En effet. Les démocrates, pour une fois, doivent ressembler davantage aux républicains, ou du moins à la version Trump MAGA du parti républicain. Si la priorité absolue est vraiment de vaincre Trump – et comme c’est de la politique, ce n’est pas le véritable objectif de ceux qui cherchent à maximiser leur influence ou à préserver leurs chances de se présenter à la présidentielle de 2028 – alors le reste du parti démocrate doit se taire sur la tenue d’une convention ouverte ou sur l’apparence d’un accord en coulisses concernant le transfert de pouvoir à Harris. Elle est la deuxième plus haute élue du pays, ce qui fait d’elle la suivante à tous égards. Elle a mérité cette chance, après s’être présentée et avoir perdu lamentablement en 2020 et avoir assumé, sans jamais se plaindre publiquement lorsque certains fidèles de Biden ont minimisé ses compétences ; et Harris s’est améliorée en tant que politicienne.
« Elle s’est définitivement améliorée », Ashley Etienne Elle m'a dit quand je lui ai posé des questions sur Harris plus tôt ce mois-ci. Etienne devrait le savoir : elle a travaillé comme directrice de la communication du vice-président pendant la première année difficile de Harris au pouvoir, après deux périodes au service de Pelosi.
« Quand les gens parlent de Harris, ils ne parlent pas de nuances. Pendant une grande partie de sa carrière, elle a été avocate, ce qui n’est pas transposable à la vice-présidence », explique Etienne. « Mais il est clair qu’elle comprend la valeur qu’elle ajoute aujourd’hui d’une manière que nous ne savions pas au cours de sa première année. L’administration lui donne donc plus de marge de manœuvre. Elle s’est un peu relâchée, prenant plus de risques. Comme lorsqu’elle est allée en Floride et a poursuivi (Ron) DeSantis. Ou aller au Minnesota et devenir le premier président ou vice-président à visiter une clinique d'avortement, n'est-ce pas ? Elle se met au centre de l'action et cela porte ses fruits.
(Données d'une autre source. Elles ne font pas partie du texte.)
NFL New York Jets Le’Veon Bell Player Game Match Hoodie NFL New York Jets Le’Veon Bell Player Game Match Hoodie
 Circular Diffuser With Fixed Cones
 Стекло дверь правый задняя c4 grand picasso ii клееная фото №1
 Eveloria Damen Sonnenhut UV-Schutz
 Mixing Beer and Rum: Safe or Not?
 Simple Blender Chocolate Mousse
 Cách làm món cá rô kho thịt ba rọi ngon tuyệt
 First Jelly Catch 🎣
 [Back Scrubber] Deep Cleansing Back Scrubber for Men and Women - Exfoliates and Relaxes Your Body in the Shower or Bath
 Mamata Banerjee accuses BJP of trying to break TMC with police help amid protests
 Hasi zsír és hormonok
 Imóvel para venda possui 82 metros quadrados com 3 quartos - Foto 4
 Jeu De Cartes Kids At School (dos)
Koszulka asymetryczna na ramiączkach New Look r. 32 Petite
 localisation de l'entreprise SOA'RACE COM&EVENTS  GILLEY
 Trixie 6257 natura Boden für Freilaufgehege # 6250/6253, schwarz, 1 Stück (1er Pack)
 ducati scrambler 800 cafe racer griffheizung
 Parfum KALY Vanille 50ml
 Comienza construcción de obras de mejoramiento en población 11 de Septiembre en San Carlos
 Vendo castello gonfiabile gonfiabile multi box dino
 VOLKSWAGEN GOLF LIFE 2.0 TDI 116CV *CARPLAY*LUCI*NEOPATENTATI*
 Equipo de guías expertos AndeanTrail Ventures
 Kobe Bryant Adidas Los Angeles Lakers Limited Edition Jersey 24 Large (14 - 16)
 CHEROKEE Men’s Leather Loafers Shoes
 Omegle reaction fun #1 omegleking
Elle a plus de soutiens que le président auprès d'électeurs clés, des Noirs et des personnes de couleur aux jeunes et aux femmes.
Est-ce que tout cela signifie que Harris a plus de chances de gagner que Biden ? Peut-être. Mais plus de chances que Biden. Gavin Newsom ou Gretchen Whitmer ou Josh Shapiro Personne ne le sait. (Quelques heures après le départ de Biden, les démocrates ont récolté la somme colossale de 50 millions de dollars, ce qui est peut-être déjà un signe d’enthousiasme pour Harris.)
Tous les sondages récents qui ont comparé Quelqu'un d'autre à Trump ont porté sur des hommes politiques dont la notoriété nationale est bien inférieure à celle de Biden, des hommes politiques qui n'ont pas été soumis aux attaques incessantes des Républicains. La seule chose qui est sûre, c'est que Harris perdra si elle n'a pas un soutien total et sincère – de la part des donateurs importants, des syndicats, de ses rivaux potentiels pour la nomination, de Nancy Pelosi à Barack Obama et tous ceux qui ont obtenu ce qu'ils voulaient avec le départ de Biden. Il ne s'agit pas seulement de soutenir X de manière superficielle, mais de faire campagne pour et avec Harris et de récolter tous les dollars possibles en son nom, pour lutter contre ce qui ne manquera pas d'être une attaque sexiste et raciste.
Certes, demander l’unité démocrate pour les trois prochains mois est naïf, voire risible. Mais les déclarations selon lesquelles il s’agirait d’une campagne pour sauver la démocratie ne sont pas que des mots. Et puis, soutenir Harris et battre Trump est le moins que tous ces gens doivent à Joe Biden.